Support for pytest as well as unittest.
Available from PyPI with pip install tdda, as well as from Github.
Support for comparing CSV files.
Support for comparing pandas DataFrames.
Support for preprocessing results before comparison (beyond simply dropping lines) in reference tests.
Greater consistency between parameters and options for all comparison methods
Support for categorizing kinds of reference data and rewriting only nominated categories (with -w or --write)
More (meta) tests of the reference test functionality.

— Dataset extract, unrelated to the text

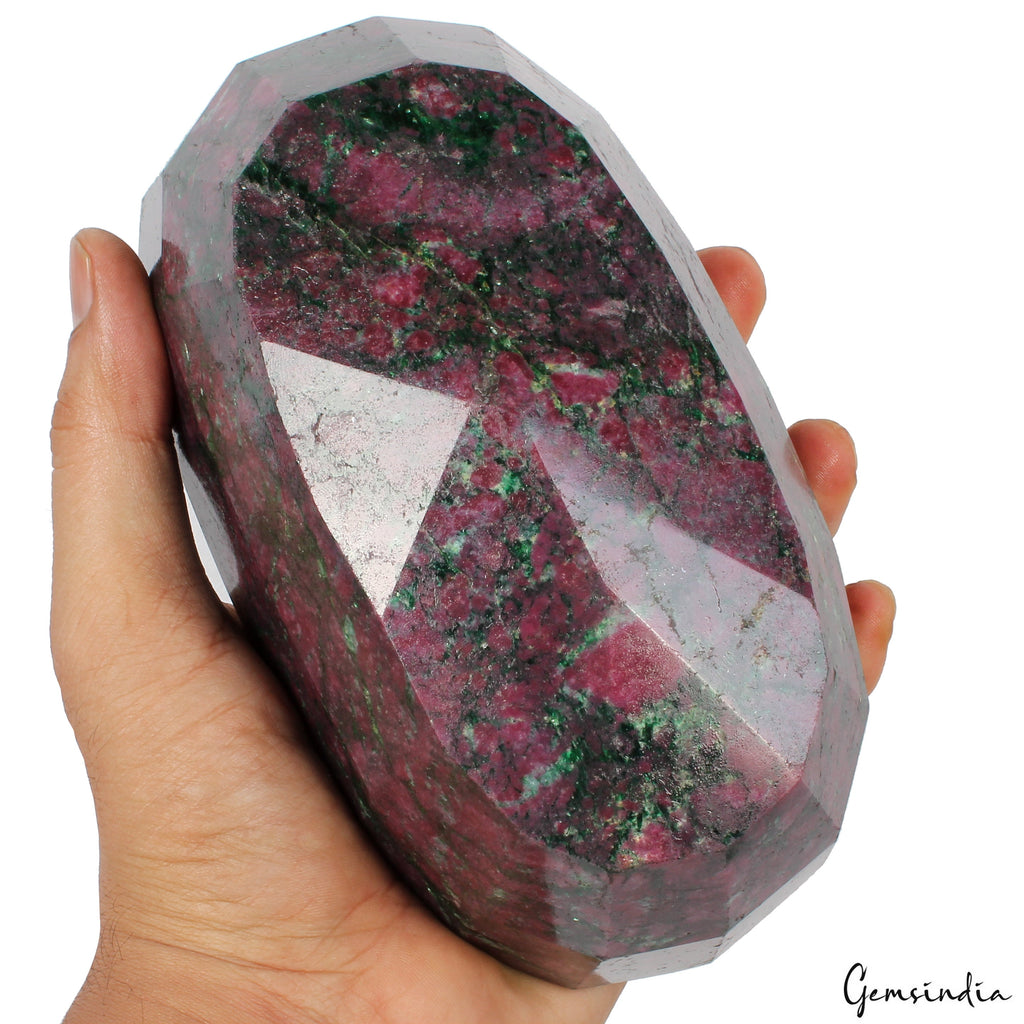 Natural Ruby Zoisite 2.6 Kilo Earth Mined Oval Cut Museum Grade Rare Gemstone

Background: reference tests and WritableTestCase

We previously introduced the idea of a reference test with an example in the post First Test, and then when describing the WritableTestCase library. A reference test is essentially the TDDA equivalent of a software system test (or integration test), and is characterized by:

normally testing a relatively large unit of analysis functionality (up to and including whole analytical processes)
normally generating one or more large or complex outputs that are complex to verify (e.g. datasets, tables, graphs, files etc.)
sometimes featuring unimportant run-to-run differences that mean testing equality of actual and expected output will often fail (e.g. files may contain date stamps, version numbers, or random identifiers)
often being impractical to generate by hand
often needing to be regenerated automatically (after verification!) when formats change, when bugs are fixed or when understanding changes.

The old WritableTestCase class that we made available in the tdda library provided support for writing, running and updating such reference tests in Python by extending the unittest.TestCase class and providing methods for writing reference tests and commands for running (and, where necessary, updating the reference results used by) reference tests.

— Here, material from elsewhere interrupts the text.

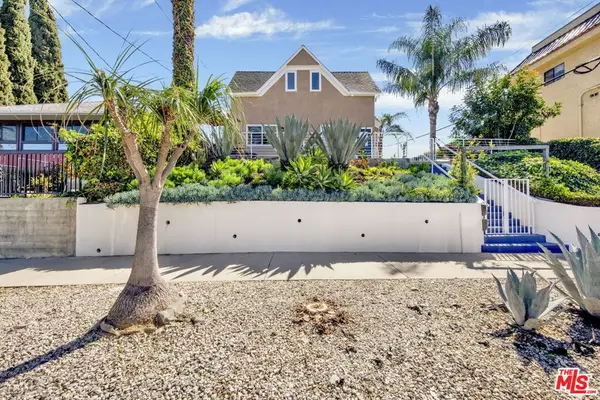 318 Parkman Avenue, Los Angeles, CA 90026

Deprecating WritableTestCase in Favour of ReferenceTest

Through our use of reference testing in various contexts and projects at Stochastic Solutions, we have ended up producing three different implementations of reference-test libraries, each with different capabilities. We also become aware that an increasing number of Python developers have a marked preference for pytest over unittest, and wanted to support that more naturally. The new ReferenceTest class brings together all the capabilities we have developed, standardizes them and fills in missing combinations while providing idiomatic patterns for using it both in the context of unittest and pytest.

We have no immediate plans to remove WritableTestCase from the tdda library (and, indeed, continue use it extensively ourselves), but encourage people to adopt ReferenceTest instead as we believe it is superior in all respects.

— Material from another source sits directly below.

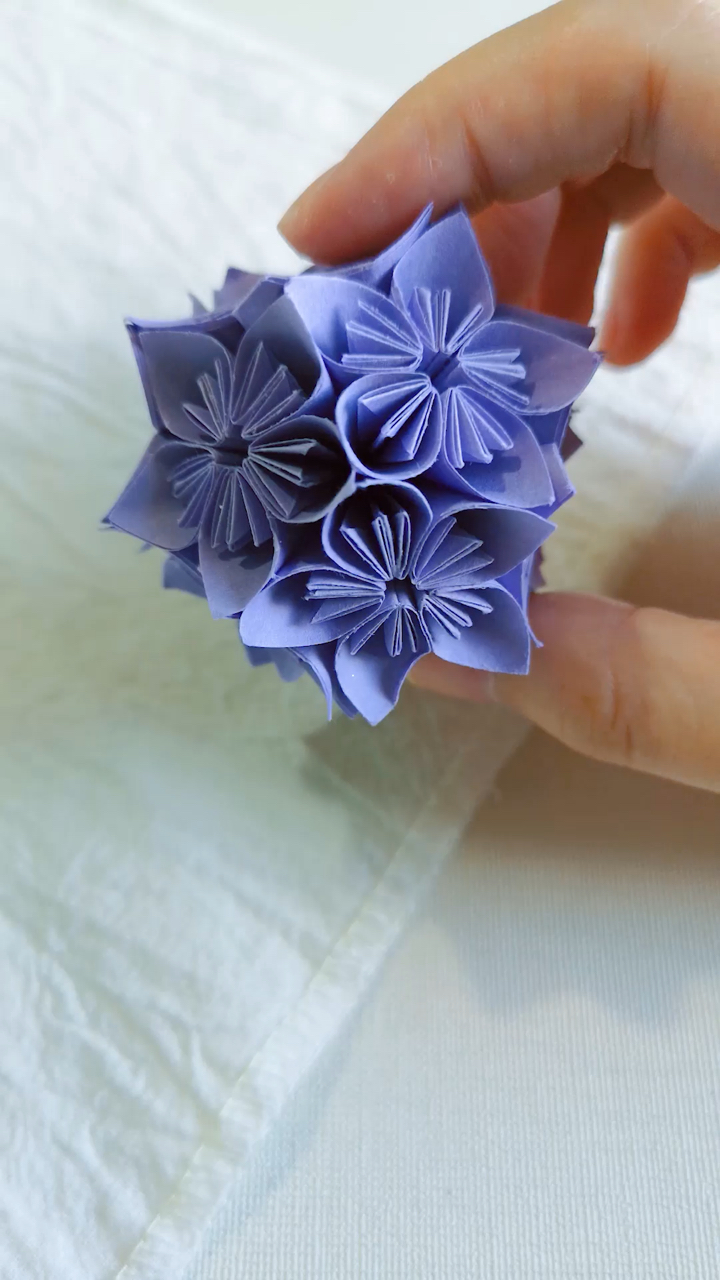 漂亮的樱花花球,好多小可爱应该都会折了吧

Availability and Installation

You can now install the tdda module with pip:

pip install tdda

and the source remains available under an MIT licence from github with

git clone https://github.com/tdda/tdda.git

The tdda library works under Python 2.7 and Python 3 and includes reference test functionality mentionedabove, constraint discovery and verification, including a Pandas version and automatic discovery of regular expressions from examples (rexpy, also available online at here).

After installation, you can run TDDA's tests as follows:

$ python -m tdda.testtdda
............................................................................
----------------------------------------------------------------------
Ran 76 tests in 0.279s

Getting example code

However you have obtained the tdda module, you can get a copy of its reference test examples by running the command

$ python -m tdda.referencetest.examples

which will place them in a referencetest-examples subdirectory of your current directory. Alternatively, you can specify that you want them in a particular place with

$ python -m tdda.referencetest.examples /path/to/particular/place

There are variations for getting examples for the constraint generation and validation functionality, and for regular expression extraction (rexpy)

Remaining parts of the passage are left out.